Nel marzo del 1969 apparve un saggio sulla rivista Permanences (n. 58) dal titolo: “La comunità di destino, principio vitale delle società”. Il filosofo e scrittore francese Gustave Thibon (1903-2001) ne era l’autore. Molti potrebbero immedesimarsi nel suo classico aforisma, soprattutto gli adulti che hanno sete di verità in un mondo che non piace, oppure nei bambini che trovano posto nella scuola parentale: “Non sono un autodidatta, perché i libri sono dei maestri. Ma, se ho detto che a scuola il ragazzo impara spesso a manifestare ciò che non è e a diventare ciò che intimamente è, io non ho avuto questa grazia o questa disgrazia e mi sono formato a contatto diretto di libri e di testimoni viventi senza passare per i canali della scuola e dell’università”.
 

Thibon sostiene il primato del concetto di gerarchia, ovvero la necessità di difendere l’ineguaglianza, costituisce la base concettuale secondo cui una società si mantiene salda nel tempo solo a patto di non sgretolare la sua struttura. Questo è ciò che Thibon chiama «comunità di destino». Quella condizione, sostiene Thibon, perdura solo se contrasta la denatalità, se rafforza i legami interni fino a eliminare le pratiche di conflitto sociale. Nella «comunità di destino», precisa Thibon, sta la condizione salvifica per consentire alla vera destra di vincere sempre, a mani basse. Quella condizione si chiama: identità d’origine.

Particolare attenzione hanno i cosiddetti “abbandonati”, costituiti dal grido di dolore del piccolo borghese arrabbiato. Si tratta di una personalità che popola i quartieri popolari delle città industriali, o le profonde aree delle campagne, e che costituisce il popolo delle periferie. La comunità di destino è costituita da due forme: a) La comunità di somiglianza. Esiste comunanza tra lavoratori dello stesso settore, sia che vivano in Italia o in Francia e per aziende diverse. Costoro appartengono, quindi, alla stessa classe sociale e conducono, più o meno, lo stesso stile di vita. I loro destini si assomigliano. b) La comunità di interdipendenza o di solidarietà reciproca. I lavoratori che si trovano a stretto contatto non vivono più solo uno come l’altro, ma l’uno per mezzo dell’altro: i loro destini non sono più solo simili ma anche solidali.

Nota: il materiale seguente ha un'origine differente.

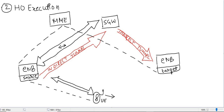Currently, the S1 bearer is used for sharing uplink and downlink traffic between eNodeB and SGW, and the DRB is used for sharing uplink and downlink traffic between UE and source eNodeB. Now source eNodeB wants to hand over all its services to the target eNodeB.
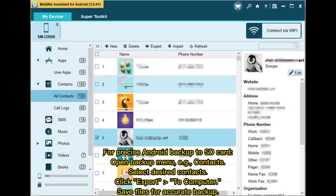For precise Android backup to SD card, open the backup menu — for example, Contacts. Select the desired contacts, click Export to Computer, and save the files for an accurate backup.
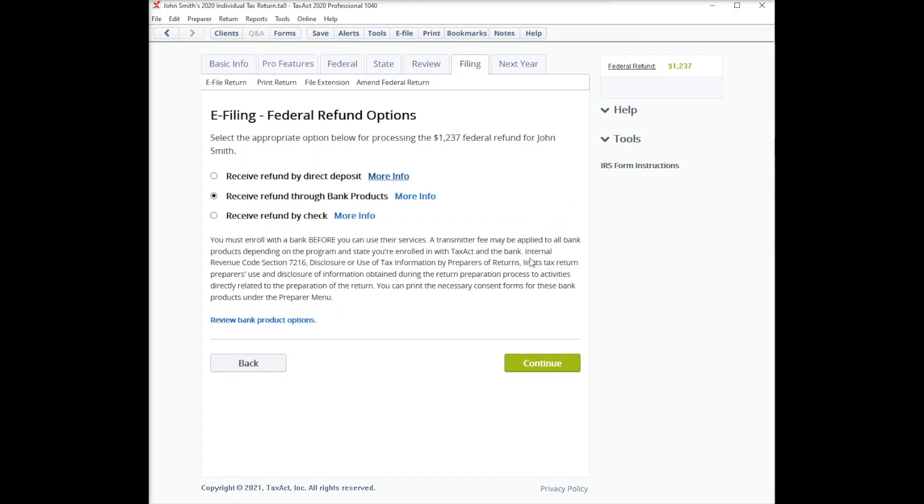To initiate a refund transfer, click Receive Refund through Bank Products and click Continue.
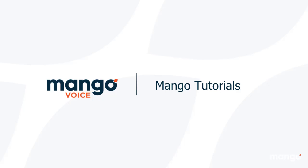Hello there and thank you for joining me today with your Mango Voice tutorial. My name is Tyler and today we're going to be talking about the conference room.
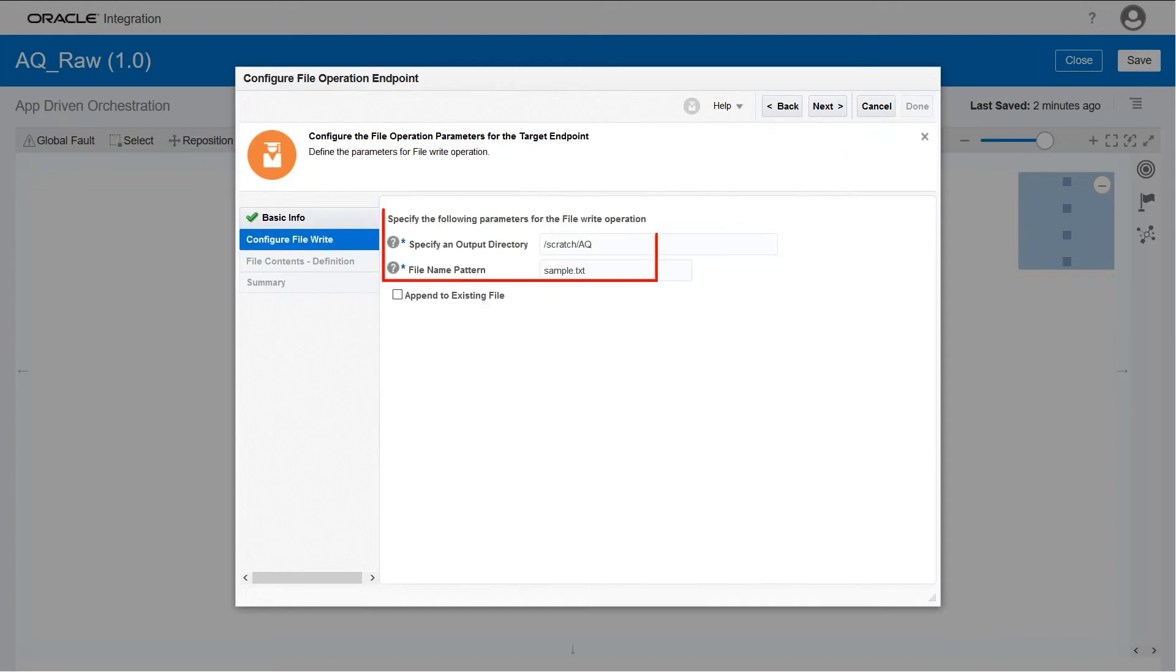Next, specify the output directory and the file name. The data will be written to this location.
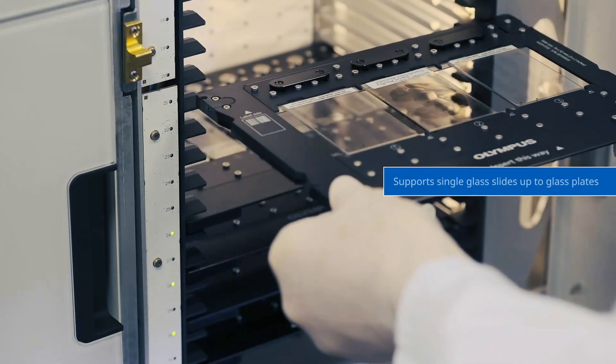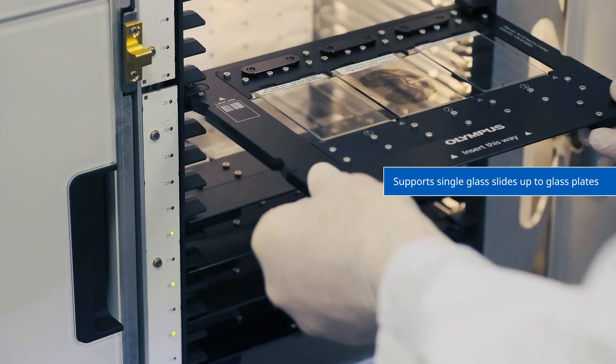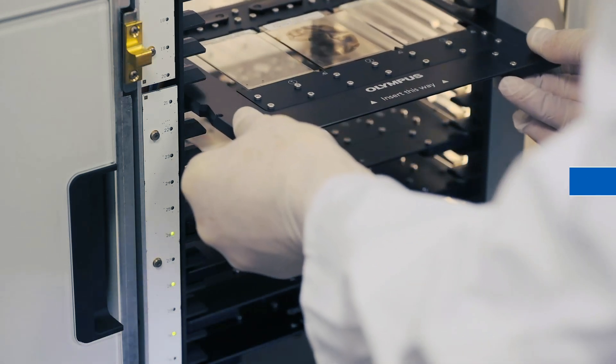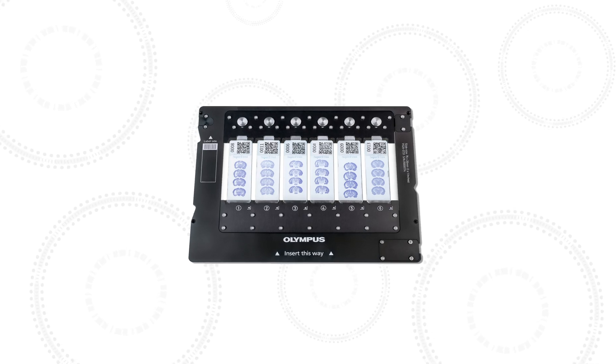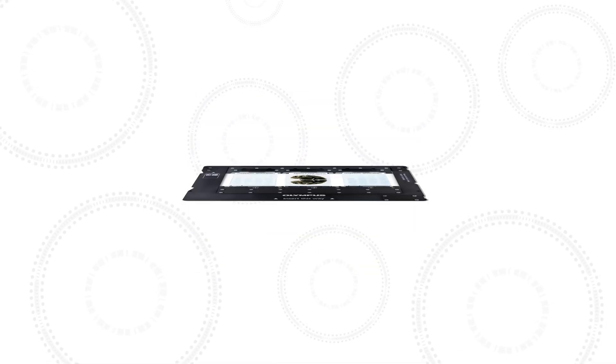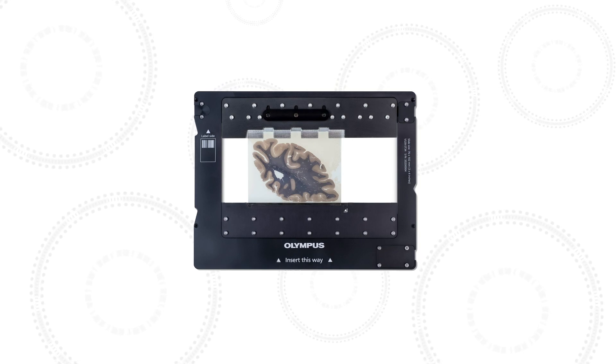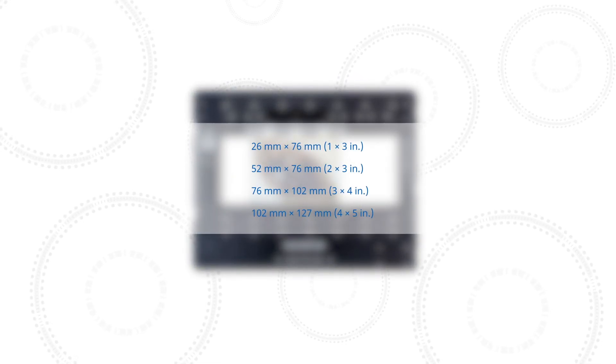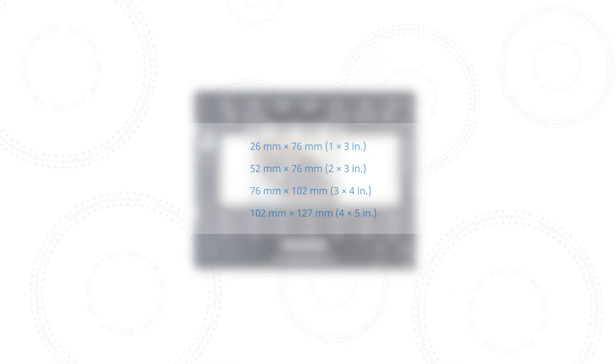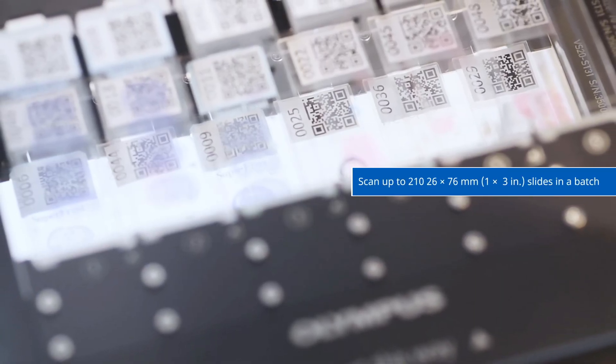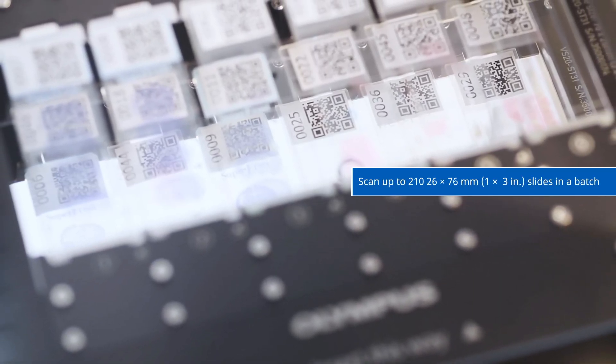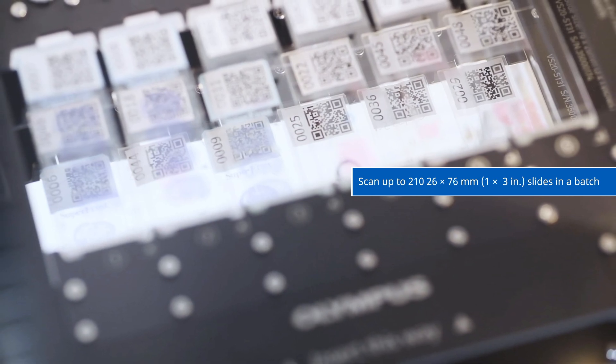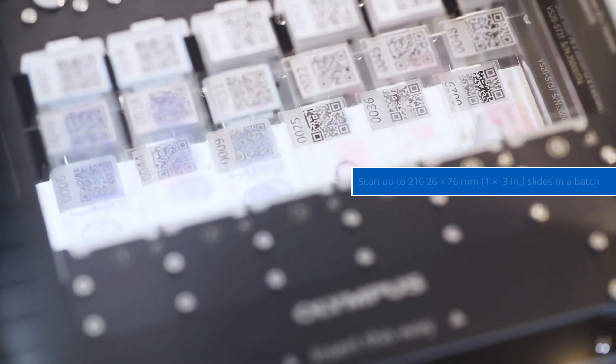The slide tray enables you to scan different sized slides in the same batch, including 26x76mm, 52x76mm, 76x102mm, and 102x127mm formats. Up to 210 26x76mm slides in 35 trays can be loaded at the same time.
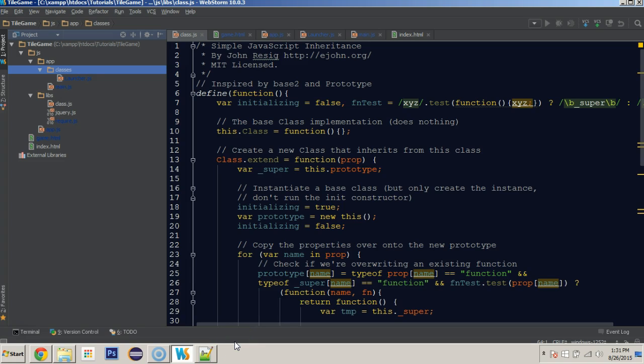Hey everybody, my name is Jamie and we're continuing on part two of creating a 2D JavaScript game, following along with Codenmore's Java version of the 2D tile-based game. So this is part two.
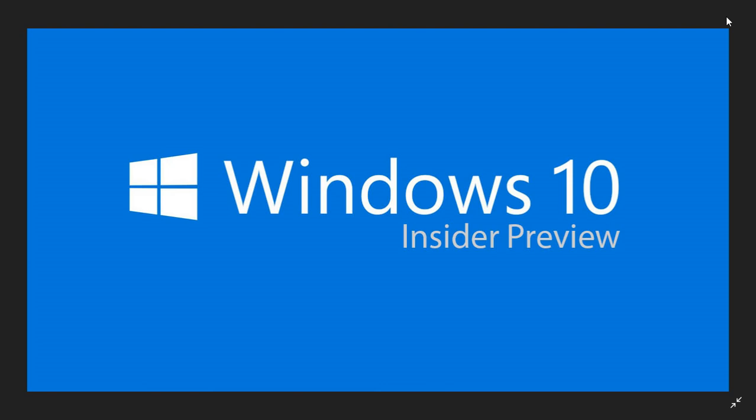So it's official, Skip Ahead and Fast Ring are merged today. If you were on Skip Ahead, you're moved to the Fast Ring. Well, it's still going to say Skip Ahead, but you will be a Fast Ring insider. And of course the Fast Ring is getting a build today.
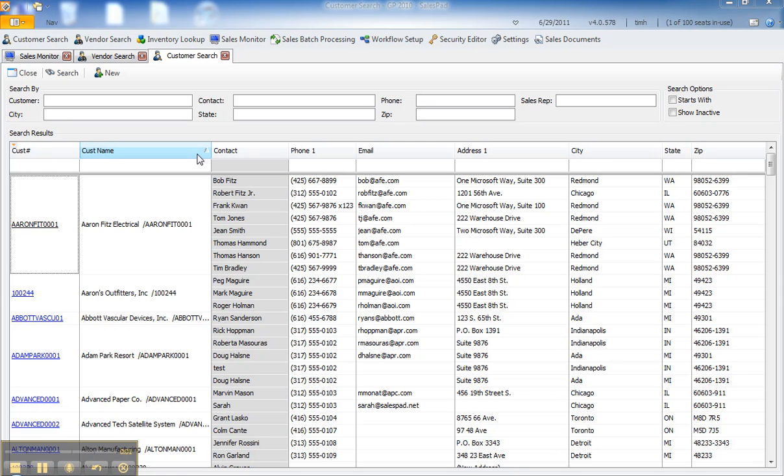The purpose of this short video is to show how SalesPad sales document tasks can be used to quickly and easily automatically schedule tasks related to sales documents.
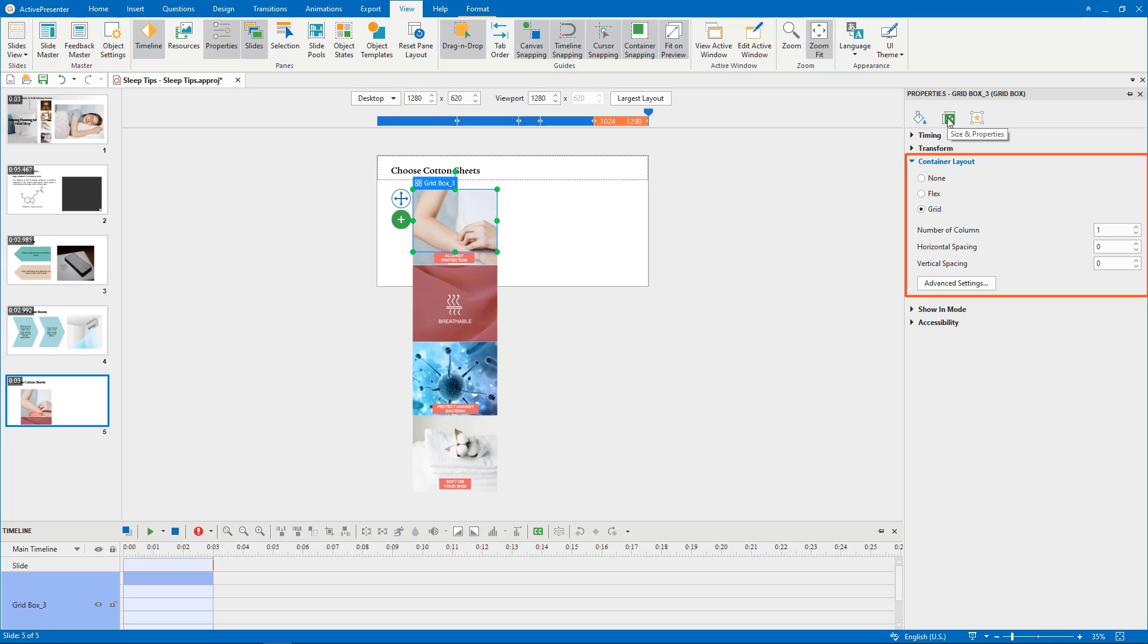Here you can specify the number of columns, make space between objects horizontally or vertically. In my example, I want these 4 images to be in a row. So, I'll change the number of columns to 4.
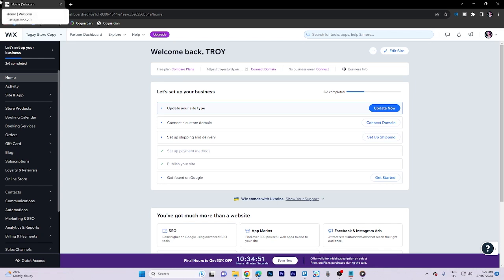In today's video tutorial, I'm going to walk you through how to edit or customize the checkout page on a Wix website.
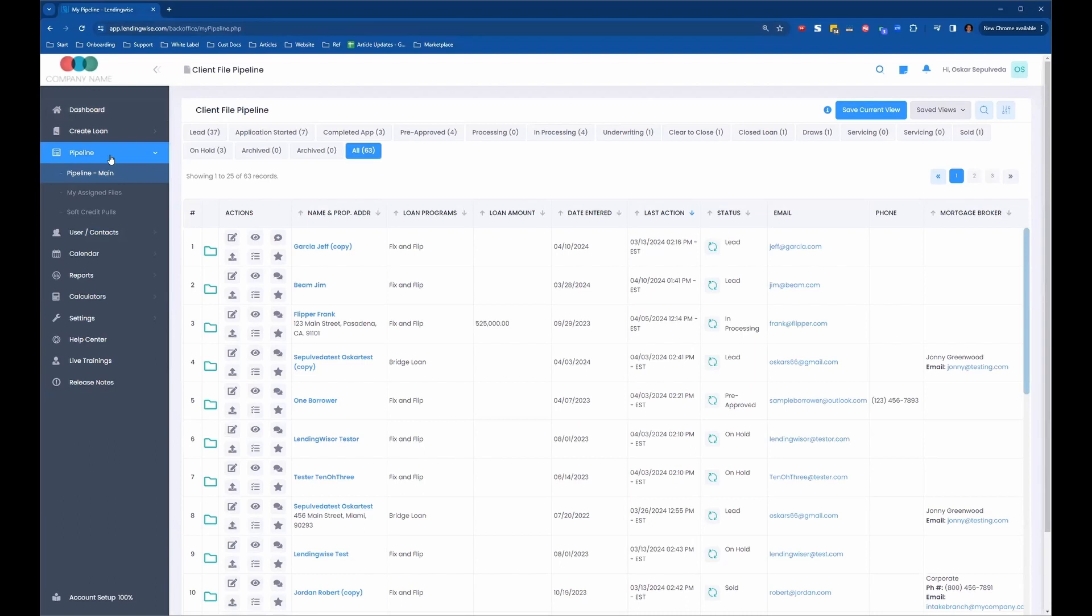So now we're going to talk about mass updating or deleting loan files. To do that, you want to go to your pipeline, pipeline main.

Questa comunità di destino tra esseri che, attraverso la loro diversità di situazione e di vocazione, rimangono strettamente dipendenti, conferisce ai raggruppamenti umani il loro carattere organico. La famiglia è la comunità organica per eccellenza. Ogni società rimane sana e vitale nella misura in cui si rende affine alla famiglia: non è un caso che il termine “padrone” derivi da padre, non per caso il re era chiamato padre del popolo e la Chiesa è chiamata madre dei fedeli (la comunione dei santi all’interno della Chiesa è la più alta forma di comunità di destino…)

La comunità di destino muore – dice Thibon – quando si cancellano le ineguaglianze tra gli uomini, che essendo tutti diversi devono essere liberi di vivere diversamente nella comunità di destino in cui si trovano, la quale crea la coerenza e la continuità del corpo sociale, collegando tra loro individui, funzioni e classi e con ciò si oppone al livellamento egualitario, tipico del pensiero di sinistra. La rinascita di una struttura sociale ferma ed elastica ad un tempo, ordinata e decentralizzata, la quale faccia rifiorire tra gli uomini il sentimento della loro comunità di destino, è, oggi, l’unica via di salvezza dal Pensiero unico, dalla solitudine, dall’emarginazione sociale e dal collettivismo materialista e ateo dei globalisti.

La vita deve essere operosa, energica, fino al sacrificio. La vita è milizia, battaglia contro le potenze del male, mondane e spirituali. La mèta è un invito alla buona battaglia e una minaccia per i pigri e i traditori. “Non sarà coronato se non chi avrà regolarmente combattuto” (Ef. V, 11; II Tim. IV, 8).